Rereading them now, I feel a protective, almost maternal love for my seven-year-old self. Those two notebooks show the honesty of childhood. I wrote and drew about my life as I saw it and as accurately as possible. While reading it, my sister recognized my mom’s old sweater in one of the drawings.

While no other teacher I had mandated keeping a journal, it wouldn’t be the last time I would pour my ideas and drawings into one.

A few years later, at twelve, I started what became a series of fourteen sketchbooks. In the days before I had a laptop, this was the only way for me to unburden my many creative ideas. Like my first grade notebooks, I wrote and drew in them. Luckily, the art and writing had improved.

sketchbooks

Photo courtesy Rachel Bolton.

At that age, I struggled to have friends. My childhood best friend had moved away before I started junior high, and I couldn’t find my footing in any social group at the new school. My being awkward and lonely gave me plenty of time to write and draw. Page after page was filled with whatever I was interested at the time, which often included warrior women and emo boys, my major obsessions with Star Wars and X- Men, and several parodies of the two.

Even though I was not the greatest artist, I probably drew hundreds of character drawings. They were characters with what I hoped were interesting backstories who came from thriving and detailed universes.
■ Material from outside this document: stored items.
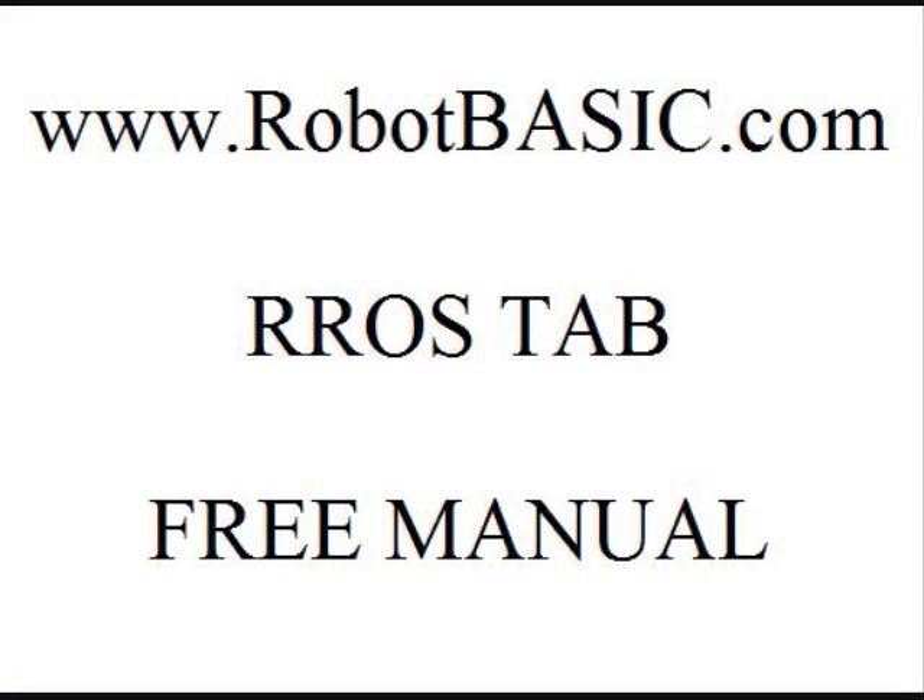You can get a free manual. Just go to RobotBasic.com, click on the ROS tab — the RobotBASIC Robot Operating System tab — and download the free PDF manual. There's also lots of information there if you just want to do a quick read. While you're there, download your free copy of RobotBASIC. RobotBASIC is free, and there's lots of information on the webpage to show you how to do all sorts of things with RobotBASIC and the Robot Operating System.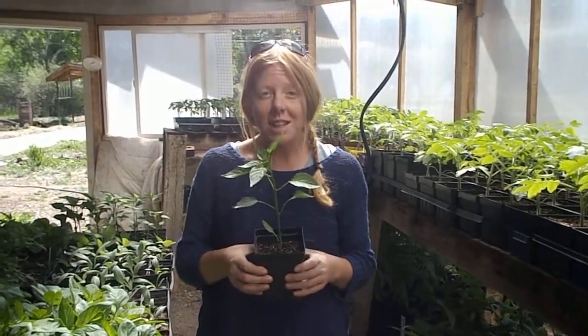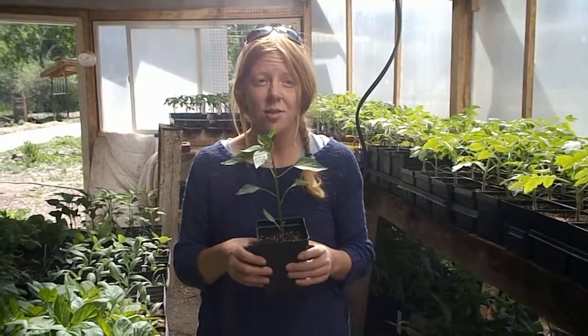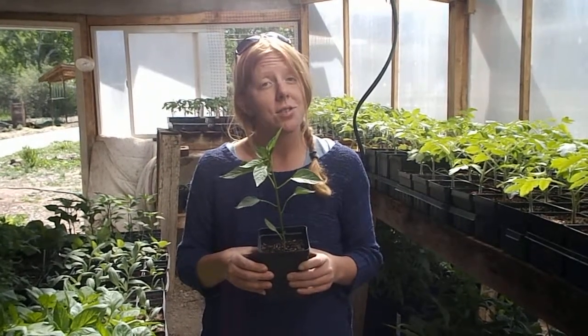It's a green chili with a bit of a smoky flavor, a medium size. It's fantastic for roasting and freezing, making chili rellenos, making green chili — about a medium spice — and it is absolutely delicious.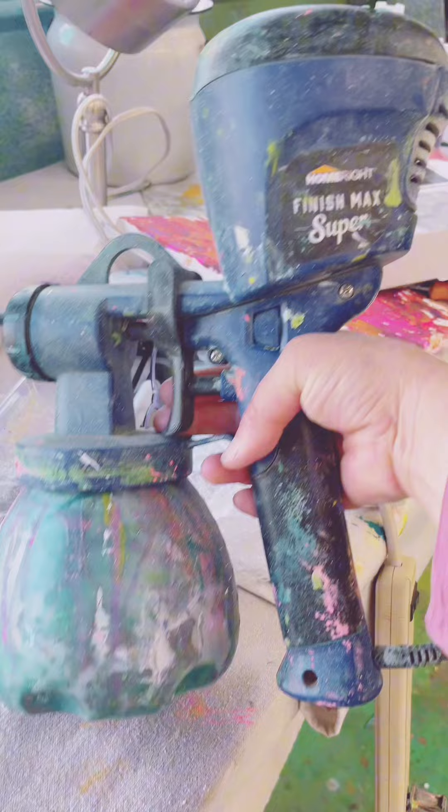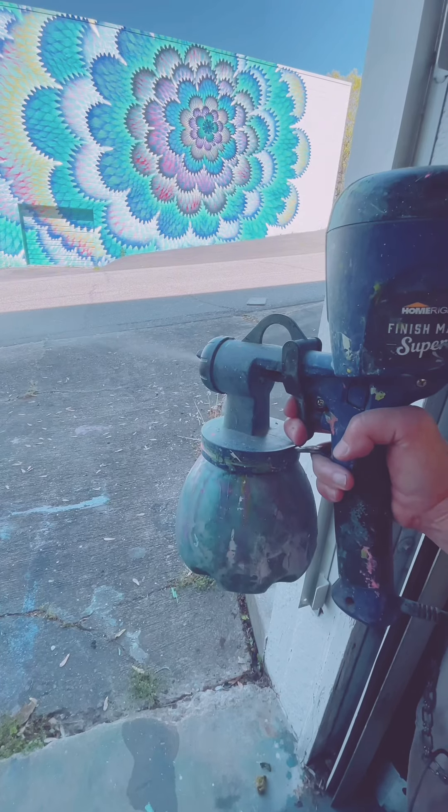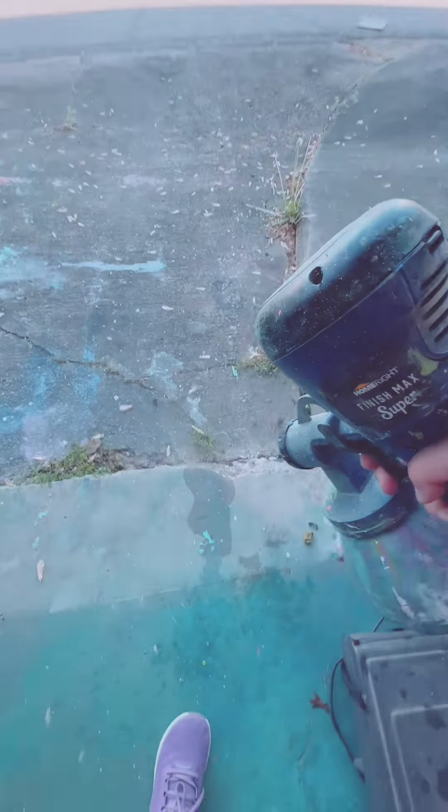All I did was put some water in here just to see if that works before I do the paint. Oh my goodness, y'all, this is amazing! Home Right for the win. They should sponsor me because I treat their products like absolute shite but they still work. I should be their ADHD Home Right spokesperson — like, don't want to clean it, don't want to follow any directions, and want it to still work.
I created the denizens of a multi-racial fantasy world with the intention of turning it into a novel. While I doubt I will ever do that with those characters, I think back on them with fondness.

I feel a little embarrassed by a few of my ideas, but I do look back on these journals with pride. They are my beginning as a creator. Everyone has to start somewhere, and I am impressed with how far I’ve come.
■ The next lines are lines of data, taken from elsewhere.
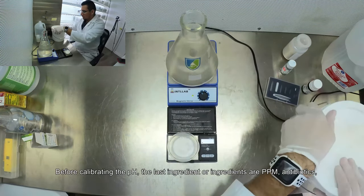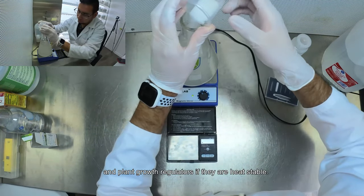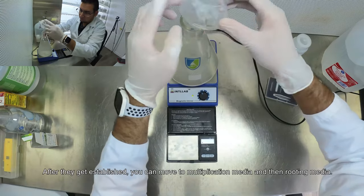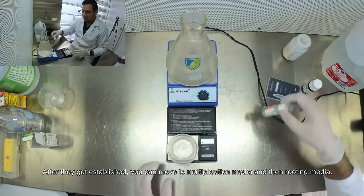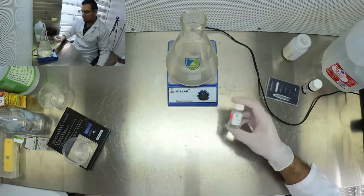Before calibrating the pH, the last ingredient — or ingredients — are PPM antibiotics and plant growth regulators, if they are heat stable. This kit is good to get plants established in tissue culture. After they get established you can move to multiplication media and then rooting media. So in this case the last ingredient before calibrating the pH is PPM.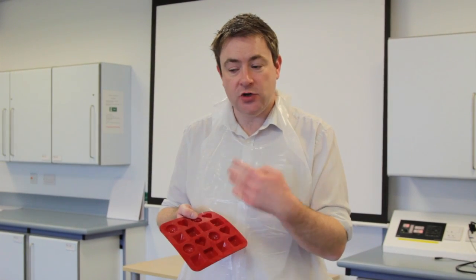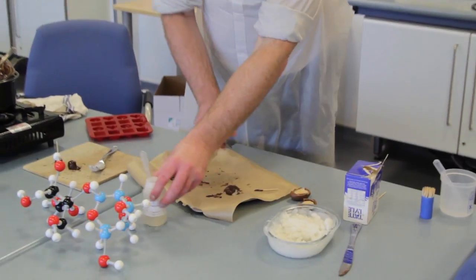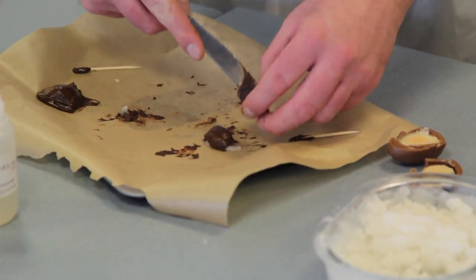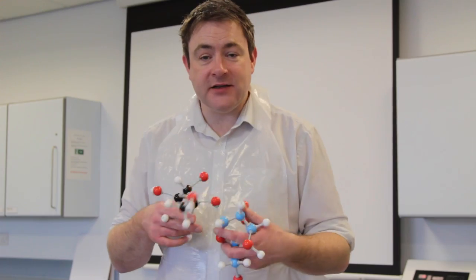If we add Invertase to some of those sugar fondants but not others, we should find that as the Invertase breaks down the sucrose into fructose and glucose, it becomes much more runny. Here's something we've made earlier — if we cut those open, we can see that the inside is now much more squidgy and soft than it was before. This class practical or demonstration is a great way of linking students' everyday experiences back to the science we're trying to convey in the classroom.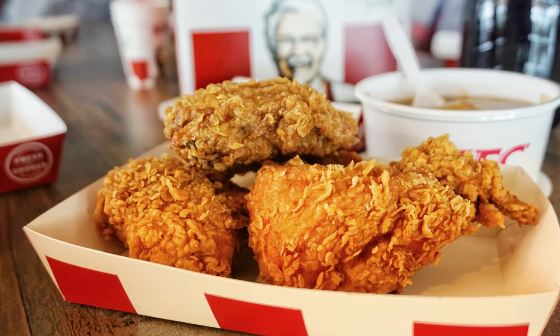You have made KFC in the house and you are the cooking enthusiast. You feel good to do cooking in the house. I am surprised because many of you have tried different variety of KFC recipes.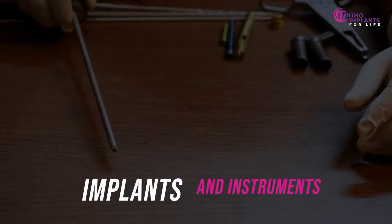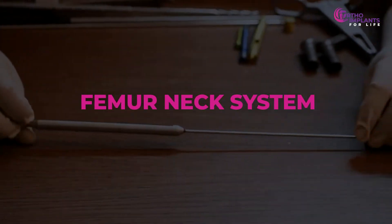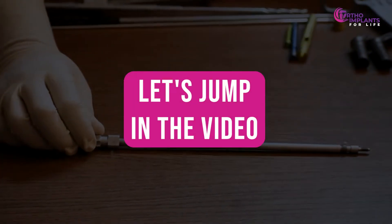Today we will show you the implants and instruments required for FNS, that is the femur neck system. So let's jump in the video.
Slowly, I stopped drawing.

It wasn’t that I disliked it, but more so that I started writing more and wanted to focus on that. My parents put the spare computer in my room, so I typed out my stories instead. It was simpler and faster than writing by hand, and soon the sketchbooks sat on my shelf, untouched.

However, inspired by a New Year’s Eve 2010 watch-through of Bridget Jones’ Diary, I decided I would start keeping one as well. I wanted to be like the titular heroine, someone who wrote about her life with thoughtfulness and wit.

high-school-diaries-2

I didn’t want anyone to read these, thus the warnings. Photo courtesy Rachel Bolton.
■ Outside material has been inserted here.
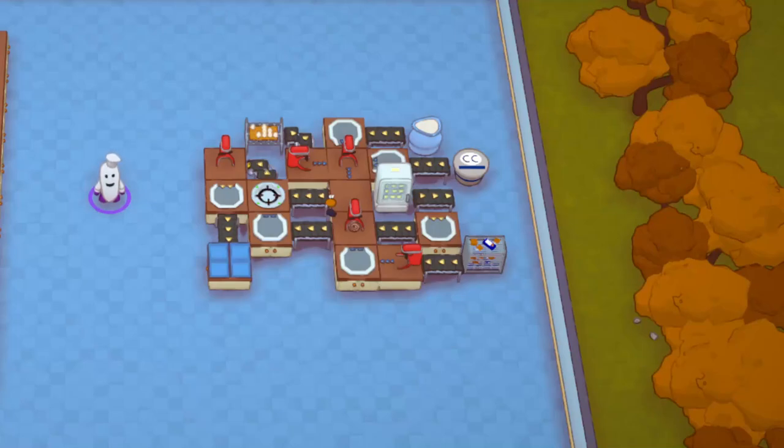Hello everyone. The Ontario Garden here back with another modded Plate-Up tutorial. Today's episode, which is a continuation of some of the other ones recently released, is going to be cheesecake automation.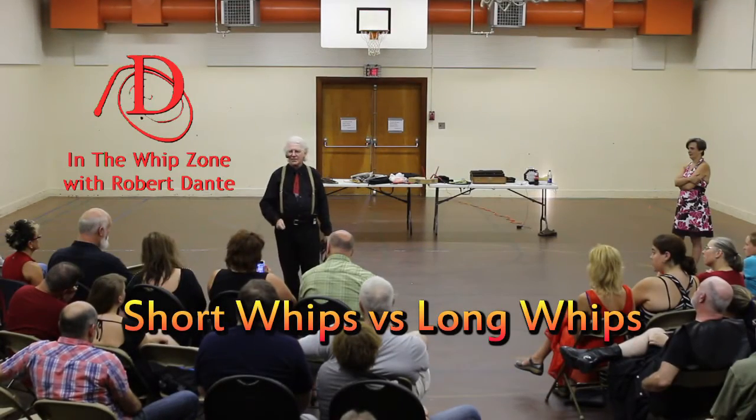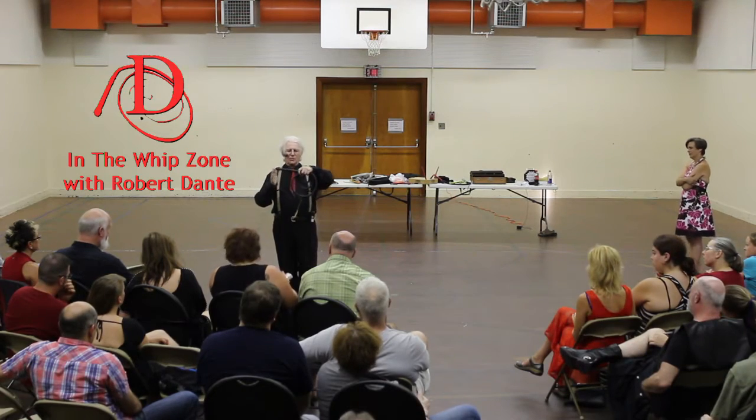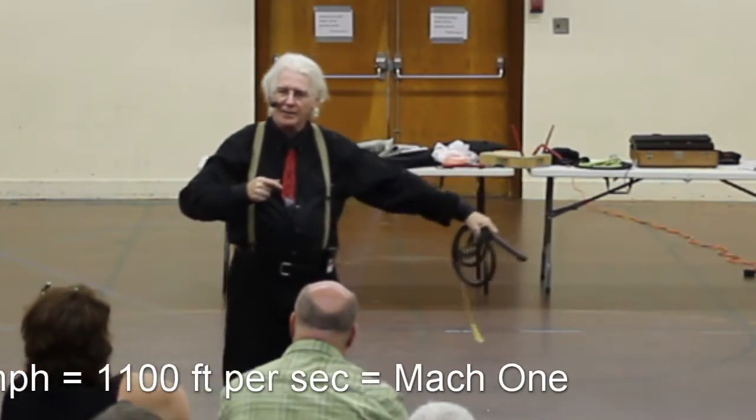The short whip is faster, in that it gets from 0 to 761 miles an hour in 3 feet instead of 8 feet. So it's boom, gone like that.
It was not to be. While I am attached to my earlier notebooks, I feel no such nostalgia over my high school diaries. I deeply cringe when I think about them.  

The words my seventeen-year old self wrote were sappy, obnoxious, and love-obsessed. Rereading them, I think of how badly I needed to get snapped out of many unhealthy mindsets I had. 

Compared to my earlier journals, I wrote more about what was happening to me than what was going on around me. I wasn’t making up stories or drawing pictures of my classmates. It was self reflection without the self improvement that usually comes with that habit.

Contrary to first grade, I wrote long winded analyses of my life. (No drawings this time.) Endless, nauseating passages about my crush, the people I despised, and problems my friends went through. It is a chilling documentation of a high school social group. Who liked who, who was a mess, what weird stuff happened at the latest hang out. If I ever needed to write a teen drama, I could just cheat and use my diary for plots instead.

I stopped writing in the diary a few weeks into my senior year. I got a boyfriend, and since most of my writing was about how I wanted one, my new relationship left me little to write about.

While I feel embarrassed by my high school diaries, they make me happy because they are proof that I have changed so much since then. I’m calmer, more sensible, and stronger now.

Since high school, I haven’t kept a diary. I still write down story ideas, but it’s more of a way for me to scribble out my thoughts more fluidly than if I were to type it out on a computer.  A part of me does miss keeping one. Maybe I will keep one again in the future.

As for my old notebooks, they have a place of honor in my apartment. I’ll keep them forever. My journals are pieces of my self, or pieces of my selves.